I tried to make two decisions. The first uses the Par monad (i.e. Control.Monad.Par ):
import Control.Monad.Par (Par, NFData) import Control.Monad.Par.Combinator (parMap) import Data.Maybe (catMaybes) import Data.List.Split (chunksOf) takeJustsPar :: (NFData b) => Int -> Int -> (a -> Maybe b) -> [a] -> Par [b] takeJustsPar n chunkSize f as = go n (chunksOf chunkSize as) where go _ [] = return [] go 0 _ = return [] go numNeeded (chunk:chunks) = do evaluatedChunk <- parMap f chunk let results = catMaybes evaluatedChunk numFound = length results numRemaining = numNeeded - numFound fmap (results ++) $ go numRemaining chunks
The second attempt was used by Control.Parallel.Strategies :
import Control.Parallel.Strategies import Data.List.Split (chunksOf) chunkPar :: (NFData a) => Int -> Int -> [a] -> [a] chunkPar innerSize outerSize as = concat ((chunksOf innerSize as) `using` (parBuffer outerSize rdeepseq))
The latter turned out to be much more complicated, as I could just write:
take n $ catMaybes $ chunkPar 1000 10 $ map expensiveFunction xs
... instead of baking in the take and catMaybes in the parallelism strategy.
The latter solution also gives an almost perfect use.
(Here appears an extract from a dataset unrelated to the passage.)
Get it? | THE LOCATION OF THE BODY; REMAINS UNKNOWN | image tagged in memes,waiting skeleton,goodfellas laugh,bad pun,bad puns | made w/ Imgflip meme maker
On an awkwardly parallel problem, I tested it, it gave 99% use for 8 cores. I did not test the use of the Par Monad because I borrowed the computer of my colleagues and did not want to waste my time when I was pleased with the performance of Control.Parallel.Strategies .
So, the answer is to use Control.Parallel.Strategies , which gives much more flexible behavior and excellent multi-core use.